My manual says when disconnecting, push the connectors together and hold for 5 seconds. Maybe the op(and me) ain't been doing the 1-mississippi thing right.


----------



## merrimacmill

Mine never connect right in the winter if its cold enough. I keep a torch in the truck to heat them up when I connect attachments. It helps big time.


----------



## NICHOLS LANDSCA

Carefully heat them with a torch. The Male coupling on my 247 sticks a little once in a while. Try and pull forward on the outside of the coupling just before it's all the way in. Take the 2 hoses off your blower and connect them together and watch how the outside of the male coupling moves and locks. Hope that makes sense and helps


----------



## grasskeepers

i use a little heat you don't need a lot


----------



## blowerman

Sometimes we have had to loosen the quick coupler from the hose... Just loosen, not take it off.


----------



## tawilson

A couple suggestions from another thread about this are to connect the hoses on the equipment together as soon as you disconnect it and to drive the machine up to the attachment and use the exhaust to warm it up. It must be a cold weather thing cause I didn't have a problem before winter.


----------



## justinzich

My coupler was bad. After 4 hours of messing with it I took it to the dealer, they came out asked what all I had tried and put a new one on. $58.25 problem solved.


----------



## SD-Dave

I've had that....if they won't move their frozen and need heat.....I think yours are engaging (moving) so the popping out is caused by hydro pressure. You need to cycle machines valves and then crack fittings to allow pressure to release from attachment.


----------



## Camden

Instead of a torch I use a heat gun. My couplers don't go together very well either but just a few minutes of heat will do the trick every time. (Assuming that you've done the pressure relief step first.)


----------



## snow game

One way to check to differ between a "cold" problem, which can be fixed with a little heat quickly and or a pressure problem (pressure too high) is to do the following. 
First its important to understand that the attachment can also be pressure bound. the way to check if the machine or attachment is pressure bound is by pressing the center of the coupling. It doesn't matter if its the male or female end. each have a center ball that pushes in easily when its not under pressure BE CAREFUL oil can still shoot out SHUT OFF MACHINE. if its on the machine end (for new holland Deere and Cat) shut the machine down keep all safety measures in place so the pedals or joy stick will actually still lower the boom. once this is done you have to move the lever that controls the attachment. move it in both directions, as if you were using all functions of the attachments. 
Once this is done you should be able to push those center balls in easily with a screw driver. 
NOTE if you didn't relieve pressure ball will not push in easily, if you force it, oil will shoot / spray out at you.
On the attachment end you can either loosen the couplings like previous posts suggest or you can cover the coupling with a rag and hit the ball with a screwdriver and hammer being careful not to damage the coupling.

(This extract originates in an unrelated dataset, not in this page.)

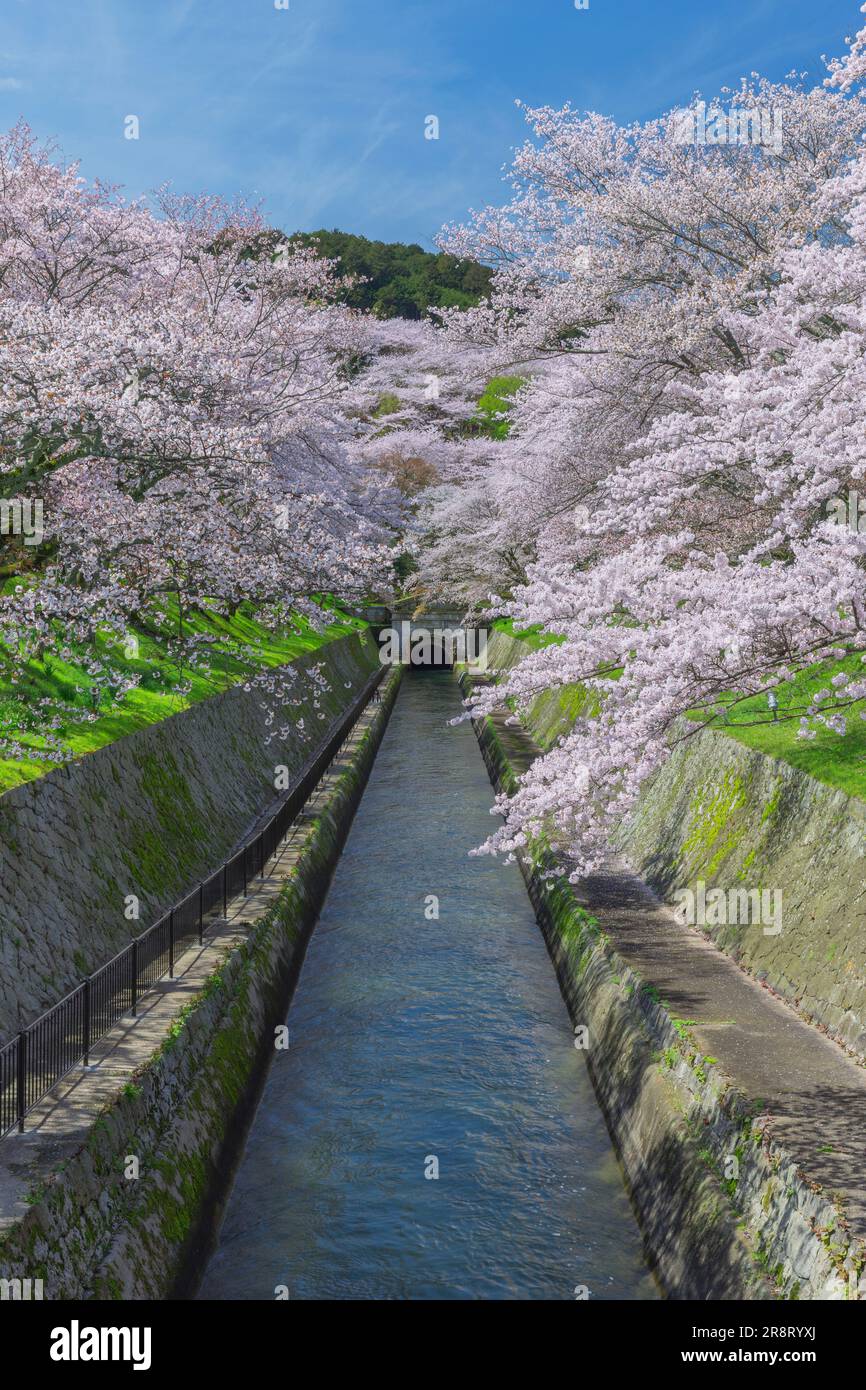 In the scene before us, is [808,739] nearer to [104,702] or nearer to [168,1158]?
[168,1158]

If they are not under pressure they will connect with a little elbow grease. I have found I only need the heat to dis-connect the lines. 
A tip to prevent this problem in the future is to shut the machine down with attachment still attached and releive pressure following steps above (machine off move pedals and or controls to relieve pressure) Often you can disconnect the machine even if its under pressure, but it makes hooking back up more difficult.


----------



## Omran

forestfireguy;1213844 said:


> Are you following the shut down sequence to reduce/eliminate pressure in the fittings? I have never run a 205, but in the T300 we had there was a button to push which shut down the machine and released pressure.


I agree 100%, plus if you can't do anything with it try to bleed the attachment you are using, some times air bobel could be causing all this problem.


----------